* _Exercise_: Every record that follows should be printed verbatim.

[Material provided]

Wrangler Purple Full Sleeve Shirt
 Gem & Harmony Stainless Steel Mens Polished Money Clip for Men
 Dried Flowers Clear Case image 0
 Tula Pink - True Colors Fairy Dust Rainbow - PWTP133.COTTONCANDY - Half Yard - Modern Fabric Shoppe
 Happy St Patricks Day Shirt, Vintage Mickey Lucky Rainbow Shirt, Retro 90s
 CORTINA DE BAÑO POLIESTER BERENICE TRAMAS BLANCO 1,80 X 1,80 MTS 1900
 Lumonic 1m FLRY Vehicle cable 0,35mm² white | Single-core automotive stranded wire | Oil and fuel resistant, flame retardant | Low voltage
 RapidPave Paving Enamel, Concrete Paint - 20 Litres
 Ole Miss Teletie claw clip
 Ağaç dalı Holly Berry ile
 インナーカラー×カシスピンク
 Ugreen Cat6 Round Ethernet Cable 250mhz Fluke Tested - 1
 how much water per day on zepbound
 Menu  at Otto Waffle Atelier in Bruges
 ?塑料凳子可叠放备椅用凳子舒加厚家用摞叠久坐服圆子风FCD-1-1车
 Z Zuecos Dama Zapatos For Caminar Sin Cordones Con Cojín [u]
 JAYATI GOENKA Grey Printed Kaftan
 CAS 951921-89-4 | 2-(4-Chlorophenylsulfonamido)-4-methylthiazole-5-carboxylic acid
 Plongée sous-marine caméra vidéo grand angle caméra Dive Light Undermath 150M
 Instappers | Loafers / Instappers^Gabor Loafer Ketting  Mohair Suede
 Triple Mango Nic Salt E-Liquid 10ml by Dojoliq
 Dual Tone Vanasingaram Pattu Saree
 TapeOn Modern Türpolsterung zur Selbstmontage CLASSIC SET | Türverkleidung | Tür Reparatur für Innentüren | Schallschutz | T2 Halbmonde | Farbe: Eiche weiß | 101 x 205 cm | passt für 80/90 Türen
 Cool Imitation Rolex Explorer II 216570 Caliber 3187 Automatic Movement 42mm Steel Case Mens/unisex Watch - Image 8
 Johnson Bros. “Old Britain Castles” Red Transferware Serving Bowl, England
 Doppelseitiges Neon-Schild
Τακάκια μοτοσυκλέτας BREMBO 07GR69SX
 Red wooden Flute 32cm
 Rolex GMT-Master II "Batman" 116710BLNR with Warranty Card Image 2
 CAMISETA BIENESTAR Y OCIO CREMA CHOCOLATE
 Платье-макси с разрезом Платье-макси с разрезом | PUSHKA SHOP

[/Material provided]

* _Task response_:
Wrangler Purple Full Sleeve Shirt
 Gem & Harmony Stainless Steel Mens Polished Money Clip for Men
 Dried Flowers Clear Case image 0
 Tula Pink - True Colors Fairy Dust Rainbow - PWTP133.COTTONCANDY - Half Yard - Modern Fabric Shoppe
 Happy St Patricks Day Shirt, Vintage Mickey Lucky Rainbow Shirt, Retro 90s
 CORTINA DE BAÑO POLIESTER BERENICE TRAMAS BLANCO 1,80 X 1,80 MTS 1900
 Lumonic 1m FLRY Vehicle cable 0,35mm² white | Single-core automotive stranded wire | Oil and fuel resistant, flame retardant | Low voltage
 RapidPave Paving Enamel, Concrete Paint - 20 Litres
 Ole Miss Teletie claw clip
 Ağaç dalı Holly Berry ile
 インナーカラー×カシスピンク
 Ugreen Cat6 Round Ethernet Cable 250mhz Fluke Tested - 1
 how much water per day on zepbound
 Menu  at Otto Waffle Atelier in Bruges
 ?塑料凳子可叠放备椅用凳子舒加厚家用摞叠久坐服圆子风FCD-1-1车
 Z Zuecos Dama Zapatos For Caminar Sin Cordones Con Cojín [u]
 JAYATI GOENKA Grey Printed Kaftan
 CAS 951921-89-4 | 2-(4-Chlorophenylsulfonamido)-4-methylthiazole-5-carboxylic acid
 Plongée sous-marine caméra vidéo grand angle caméra Dive Light Undermath 150M
 Instappers | Loafers / Instappers^Gabor Loafer Ketting  Mohair Suede
 Triple Mango Nic Salt E-Liquid 10ml by Dojoliq
 Dual Tone Vanasingaram Pattu Saree
 TapeOn Modern Türpolsterung zur Selbstmontage CLASSIC SET | Türverkleidung | Tür Reparatur für Innentüren | Schallschutz | T2 Halbmonde | Farbe: Eiche weiß | 101 x 205 cm | passt für 80/90 Türen
 Cool Imitation Rolex Explorer II 216570 Caliber 3187 Automatic Movement 42mm Steel Case Mens/unisex Watch - Image 8
 Johnson Bros. “Old Britain Castles” Red Transferware Serving Bowl, England
 Doppelseitiges Neon-Schild
Τακάκια μοτοσυκλέτας BREMBO 07GR69SX
 Red wooden Flute 32cm
 Rolex GMT-Master II "Batman" 116710BLNR with Warranty Card Image 2
 CAMISETA BIENESTAR Y OCIO CREMA CHOCOLATE
 Платье-макси с разрезом Платье-макси с разрезом | PUSHKA SHOP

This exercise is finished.